Bien que sans rapport avec la situation, je songeai alors à ces mots de Michel Tournier : « La pureté est l’inversion maligne de l’innocence. » L’innocence se moque bien de la pureté, c’est vrai, comme la pureté n’est jamais innocente. Hélas, pour notre inconfort à tous, les maniaques de la pureté… Je fus interrompu dans mes pensées par la sonnerie du téléphone de mon avocat. Après avoir raccroché, il se tourna vers moi, l’air contrarié.

 

 

 

377

(3/12)

« Délivrer Catalina aux yeux d’argent ? Tu n’y penses pas ! C’est terriblement dangereux ! » Mon ami Mateo ne manquait pas de courage mais il avait la manie de la contradiction. « Non, c’est impossible. Songes-y. Au terme d’un parcours semé d’embûches, tu arriveras au pied de la citadelle du Mont Houx. Là, il te faudra franchir un imposant dispositif de sécurité : des dizaines de policiers surentraînés et armés jusqu’aux dents, sans compter les tireurs d’élite postés sur les toits des immeubles avoisinants. Ensuite, tu devras affronter en duel le chef de la Milice, le cruel Narkozy. Et si tout cela ne t’arrête pas, il faudra encore forcer la porte blindée de la chambre de Catalina aux yeux d’argent. Non, vraiment, c’est mission impossible, surtout pour une femme. »
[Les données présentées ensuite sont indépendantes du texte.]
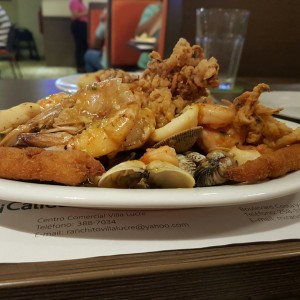 media Picada de Mariscos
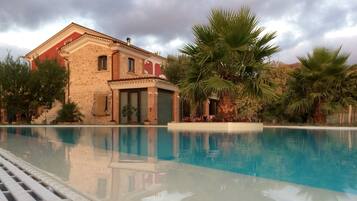 Premium Triple Room Magnolia, Garden View | Ausblick vom Zimmer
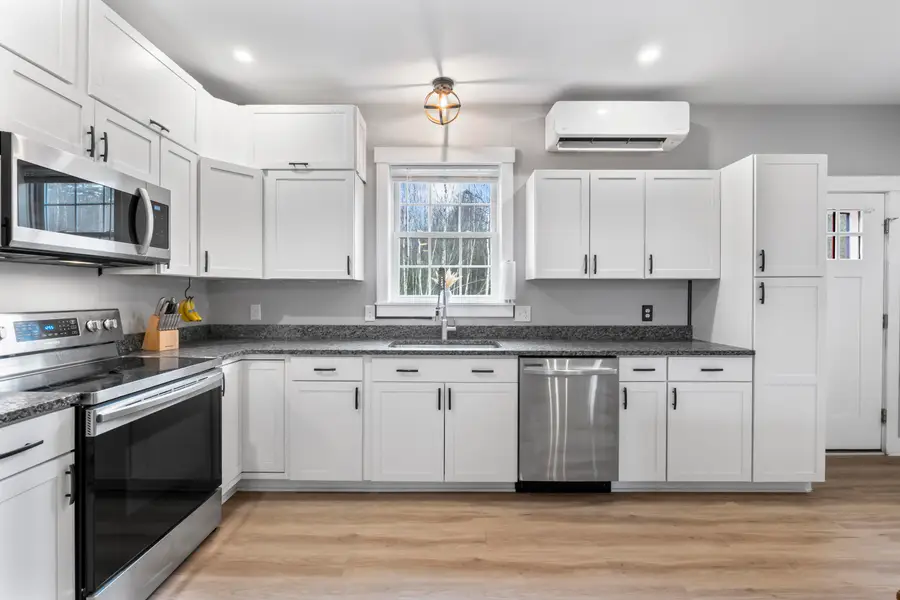 28 Arthur Street, West Gardiner, ME 04345 - #2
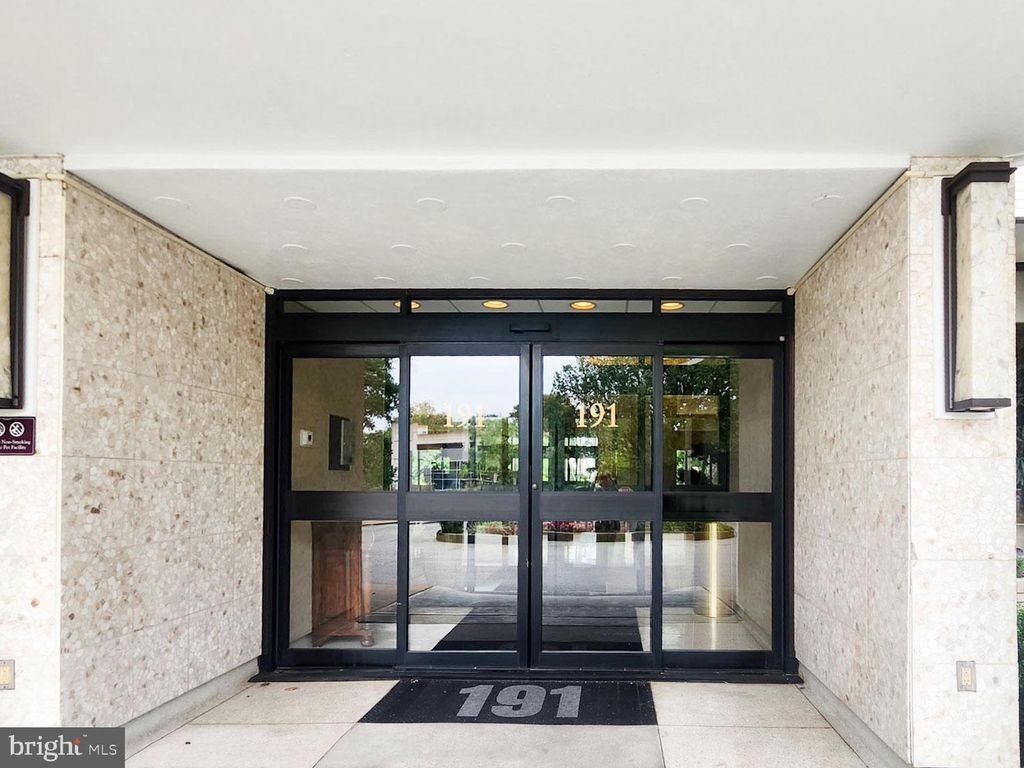 Photo of 191 Presidential Boulevard #R414, BALA CYNWYD, PA 19004 (MLS # PAMC2157568)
Ce dernier argument réveilla ma fibre féministe. « N’en déplaise à Freud, l’Histoire démontre qu’une femme est plus habilitée qu’un homme, fût-il bien membré, à pénétrer une forteresse. » Mais Mateo s’arrangeait toujours pour avoir le dernier mot : « Admettons. Il y a tout de même un obstacle de taille : Catalina aux yeux d’argent n’est pas captive. C’est elle, et elle seule, qui a créé les conditions de son isolement sur l’échiquier politique. C’est elle, et elle seule, qui s’est enfermée dans sa tour d’ivoire. »

Je dus me rendre à l’évidence et faire une croix sur Catalina aux yeux d’argent. Mon désarroi était palpable. C’est alors que Mateo eut une idée de génie. « Et si tu jetais ton dévolu sur Bérénice aux mains vermeilles ? »

 

376

(2/12)

En fait de réunion extraordinaire, on nous servit les mêmes cacahuètes que d’habitude, et des bières. Le Président du Conseil d’administration était en vacances avec sa maîtresse, aux Seychelles. Il avait envoyé son fils pour le représenter ; celui-ci en profita pour ourdir un complot.

Le temps des courtisans étaient bel et bien terminé. Ce serait désormais le temps des loups. Tout le monde l’avait compris, à l’exception du jeune Follande, toujours aussi distrait, qui périt sous les coups d’une bonne demi-douzaine de dagues affûtées, dont la mienne.

Le lendemain, chacun regagna ses pénates, prétextant un malaise soudain ou un rendez-vous important. Quant à moi, ma décision était prise : j’irais délivrer la belle Catalina aux yeux d’argent.